-- Material provided follows --

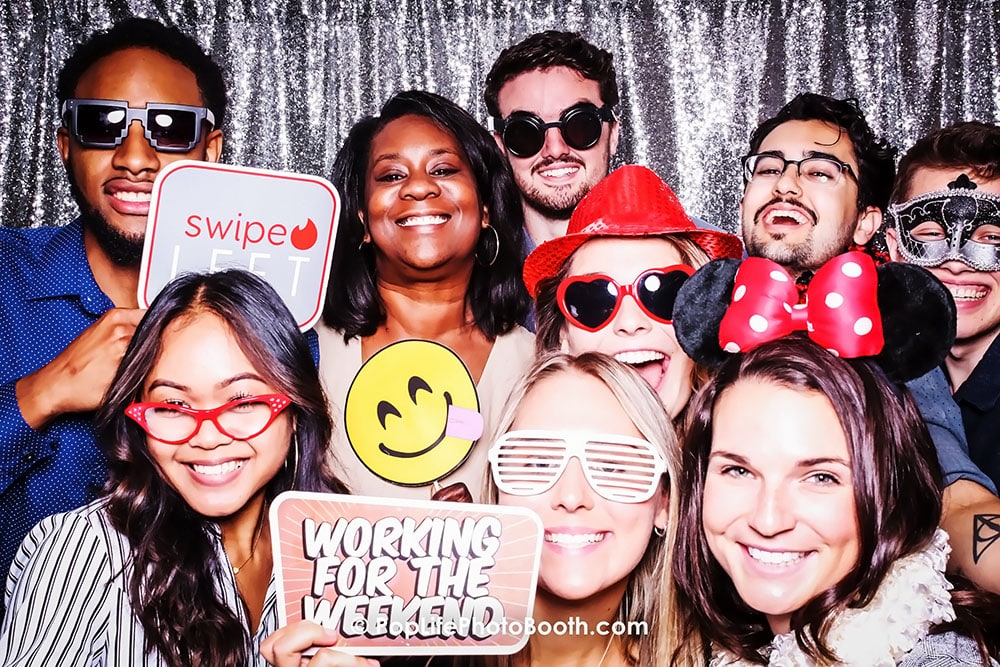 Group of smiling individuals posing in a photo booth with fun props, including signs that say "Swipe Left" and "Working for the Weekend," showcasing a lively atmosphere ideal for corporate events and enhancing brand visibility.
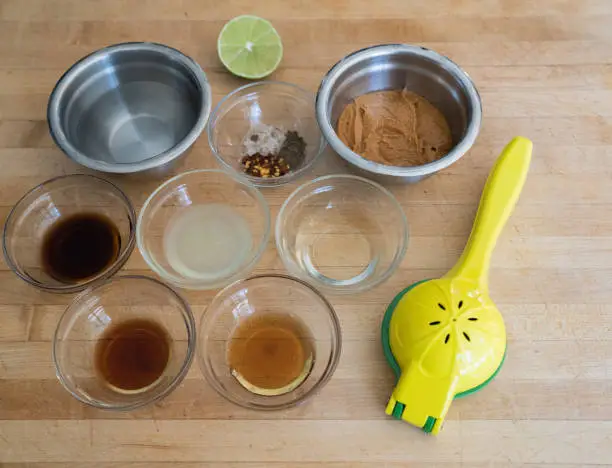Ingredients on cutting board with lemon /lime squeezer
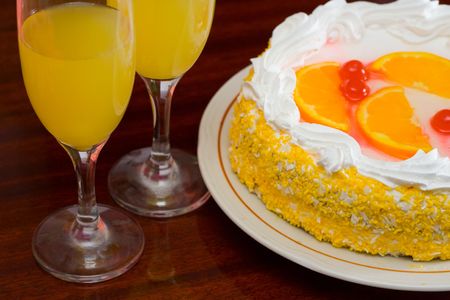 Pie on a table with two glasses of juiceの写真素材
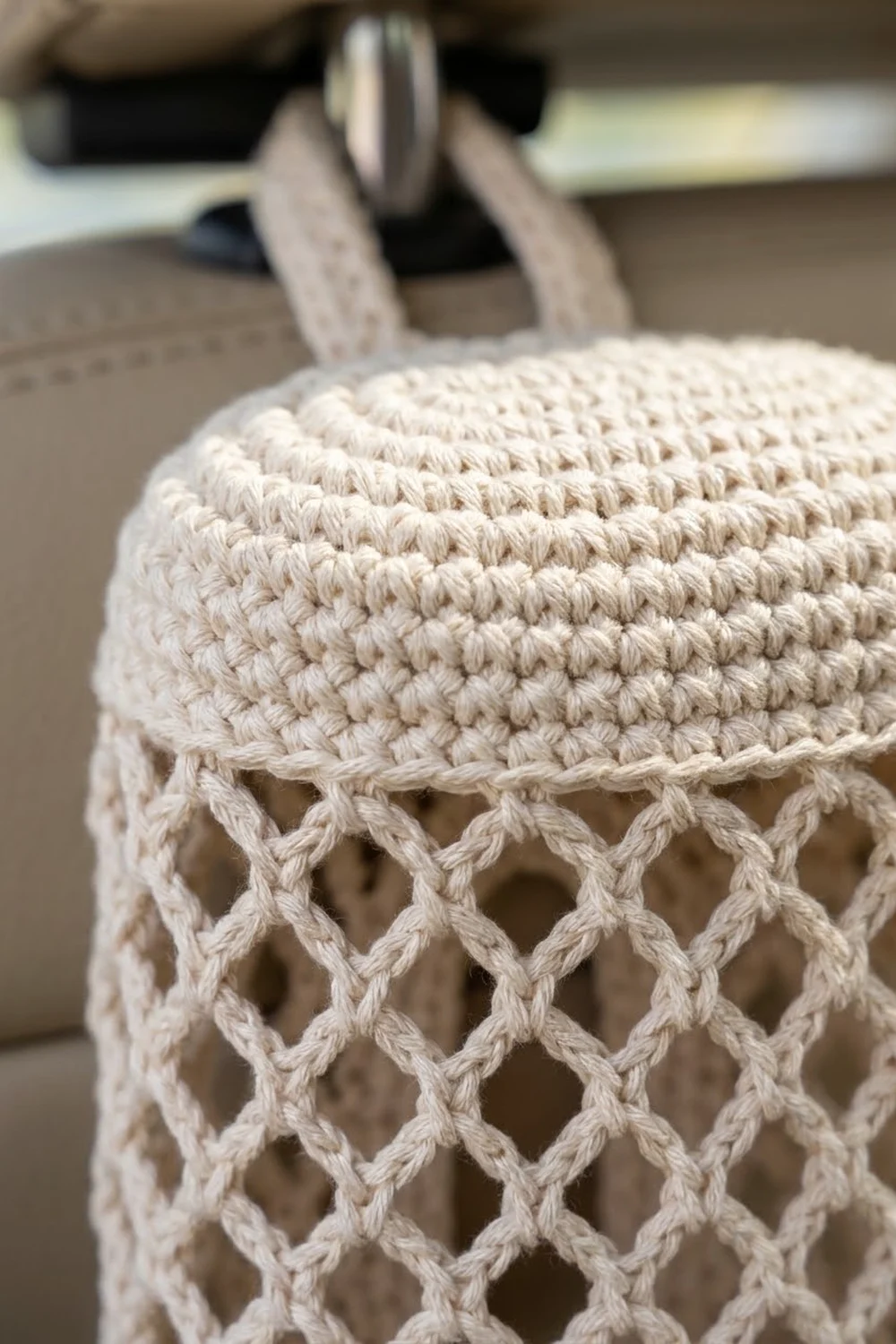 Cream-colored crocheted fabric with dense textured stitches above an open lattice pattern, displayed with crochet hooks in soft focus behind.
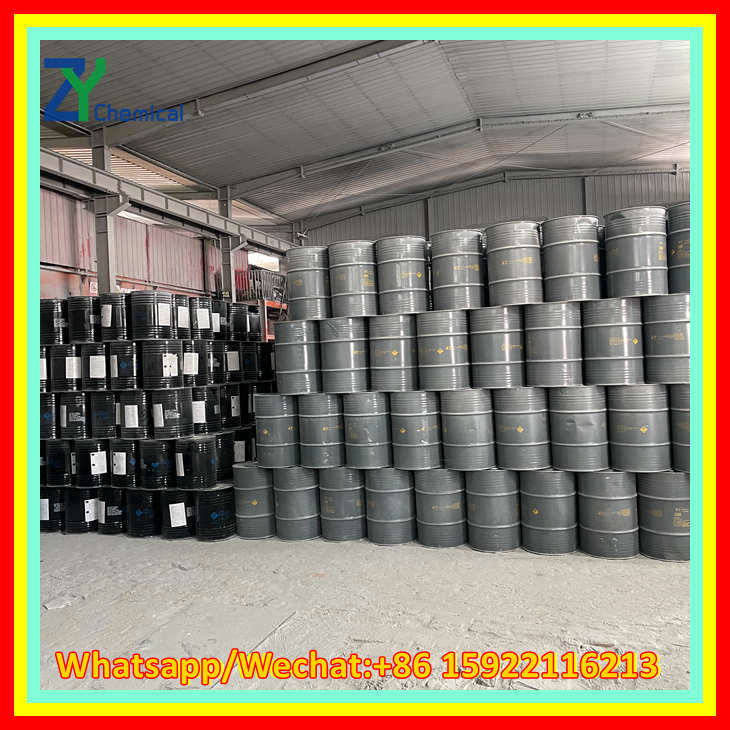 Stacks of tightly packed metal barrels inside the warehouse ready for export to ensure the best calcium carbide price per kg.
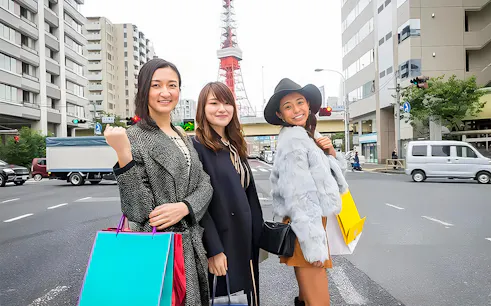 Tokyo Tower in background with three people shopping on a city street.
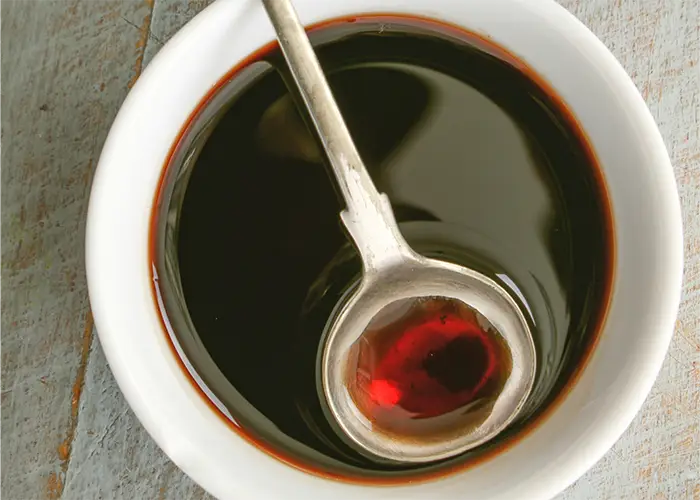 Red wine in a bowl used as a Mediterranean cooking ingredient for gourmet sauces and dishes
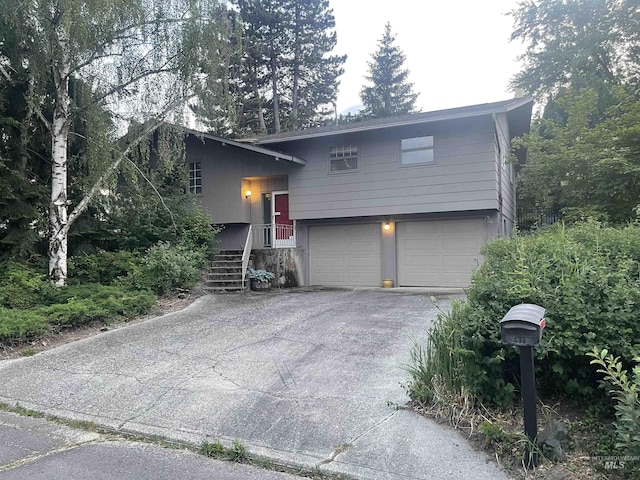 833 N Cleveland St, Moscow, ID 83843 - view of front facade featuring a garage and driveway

-- Material provided concluded --

**What is needed:** Retype everything in the material word for word, minus pictures.

**Exercise result:**
 Group of smiling individuals posing in a photo booth with fun props, including signs that say "Swipe Left" and "Working for the Weekend," showcasing a lively atmosphere ideal for corporate events and enhancing brand visibility.
Ingredients on cutting board with lemon /lime squeezer
 Pie on a table with two glasses of juiceの写真素材
 Cream-colored crocheted fabric with dense textured stitches above an open lattice pattern, displayed with crochet hooks in soft focus behind.
 Stacks of tightly packed metal barrels inside the warehouse ready for export to ensure the best calcium carbide price per kg.
 Tokyo Tower in background with three people shopping on a city street.
 Red wine in a bowl used as a Mediterranean cooking ingredient for gourmet sauces and dishes
 833 N Cleveland St, Moscow, ID 83843 - view of front facade featuring a garage and driveway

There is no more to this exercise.